With dry ice blasting, dry ice pellets are used as the abrasive. The challenge is that dry ice blasting is often not abrasive enough to sufficiently remove paint or corrosion from the surface of metals. Since dry ice is an expensive consumable, the costs can escalate when cleaning metal surfaces in higher volumes.

Chemical Stripping

With chemical stripping, harsh, even toxic chemicals are used to strip metal-based objects of paint, rust, and other contaminants to bare metal. However, for operators, exposure to corrosive acids and noxious chemical fumes is inherently dangerous. The process can also be time-consuming to prepare the proper chemical bath, achieve the required level of cleaning, and dispose of the waste. In addition, disposing of toxic chemicals is costly and closely regulated by agencies such as OSHA and the EPA.

Laser-based systems have advantages over these traditional methods, including ease of use in which an operator simply points and clicks a high-energy laser beam at the surface. The substrate is not affected by the laser, and the systems do not create any mess or byproducts. The approach is eco-friendly, energy-efficient and completes the job in half the time of traditional methods when preparation and cleanup are considered.

“In our experience, laser cleaning is as fast at removing rust or old coatings as other methods, but without the same amount of cleanup,” said Galiardi. “When we treat a surface with lasers, any fumes or dislodged particulate is extracted into a HEPA filter and the job is done. There is no media [sand, dry ice, chemicals] to replenish or clean up.”

Galiardi Laser Clean uses laser systems made by Laser Photonics, a leading provider of industrial-grade CleanTech laser systems for cleaning and surface conditioning. The systems function either as mobile standalone units or can be integrated into production lines.

The laser systems are available in portable and stationary models ranging from 50 to 3,000W with chamber sizes from 3in x 3in in size to 6in x 12in. The systems can also be installed in manufacturing lines in cabinets or operated by a robotic arm.

Galiardi says that laser pre-treatment of metal surfaces can be used to streamline various manufacturing processes. Corrosion, for example, can begin to accumulate within a very short time on new parts, depending on the material and environmental conditions, and should be removed prior to coating.

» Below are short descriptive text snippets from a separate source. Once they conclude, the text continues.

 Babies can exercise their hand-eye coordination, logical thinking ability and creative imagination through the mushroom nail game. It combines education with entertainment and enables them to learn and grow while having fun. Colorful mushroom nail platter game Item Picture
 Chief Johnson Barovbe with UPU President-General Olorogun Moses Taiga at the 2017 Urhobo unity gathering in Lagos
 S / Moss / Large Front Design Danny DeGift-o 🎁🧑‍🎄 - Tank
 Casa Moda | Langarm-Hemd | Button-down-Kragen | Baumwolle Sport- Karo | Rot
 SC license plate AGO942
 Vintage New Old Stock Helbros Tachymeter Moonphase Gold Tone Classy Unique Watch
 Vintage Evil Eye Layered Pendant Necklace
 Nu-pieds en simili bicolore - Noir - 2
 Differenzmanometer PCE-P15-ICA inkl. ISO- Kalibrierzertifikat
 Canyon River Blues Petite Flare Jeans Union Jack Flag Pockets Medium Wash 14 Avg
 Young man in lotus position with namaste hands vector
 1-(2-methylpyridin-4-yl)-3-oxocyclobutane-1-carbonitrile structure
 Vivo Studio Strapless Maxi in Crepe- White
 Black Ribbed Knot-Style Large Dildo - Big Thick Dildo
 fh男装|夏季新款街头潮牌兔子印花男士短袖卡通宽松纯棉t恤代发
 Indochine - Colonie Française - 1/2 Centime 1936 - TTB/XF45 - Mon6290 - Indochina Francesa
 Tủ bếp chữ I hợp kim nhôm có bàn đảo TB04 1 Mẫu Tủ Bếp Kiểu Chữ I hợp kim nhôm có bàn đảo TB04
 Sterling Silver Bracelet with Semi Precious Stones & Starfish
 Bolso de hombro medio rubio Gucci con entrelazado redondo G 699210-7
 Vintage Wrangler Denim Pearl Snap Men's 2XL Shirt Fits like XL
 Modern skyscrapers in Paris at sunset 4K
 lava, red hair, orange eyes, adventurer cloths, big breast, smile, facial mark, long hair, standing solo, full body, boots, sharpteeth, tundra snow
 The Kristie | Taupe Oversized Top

For one major auto manufacturer, Galiardi Laser Clean was asked to remove rust from conveying system components used to transport cars through the manufacturing process. The components were corroded due to being left outside during a six-month delay in the project. When it was time to install the items, the provider wanted to first treat the surfaces and return the components to a “like new” appearance.

Industrial plants that need to recoat existing metal structures also need to remove rust before painting. According to Galiardi, he removed corrosion from a very large storage tank using the CleanTech laser system in about half the time of the alternative being considered, an abrasive disc grinder.

With clean laser technology, there is now an environmentally friendly alternative to abrasive blasting and chemical stripping for surface pretreatment. The approach is safer for operators and highly adaptable to a wide range of manufacturing and industrial applications.

“As people become more aware of laser-based systems and compare them to traditional methods, they need to factor in prep and cleanup time, which can impact project cost. When the improved operator safety, equipment longevity and lower maintenance of laser systems are also considered, the clean laser technology has a much higher ROI,” says Galiardi.

The longevity of low-maintenance laser systems further adds to their value. “CleanTech laser systems can last for 50,000 to 100,000 hours. After purchase, there’s virtually no maintenance necessary,”concludes Galiardi.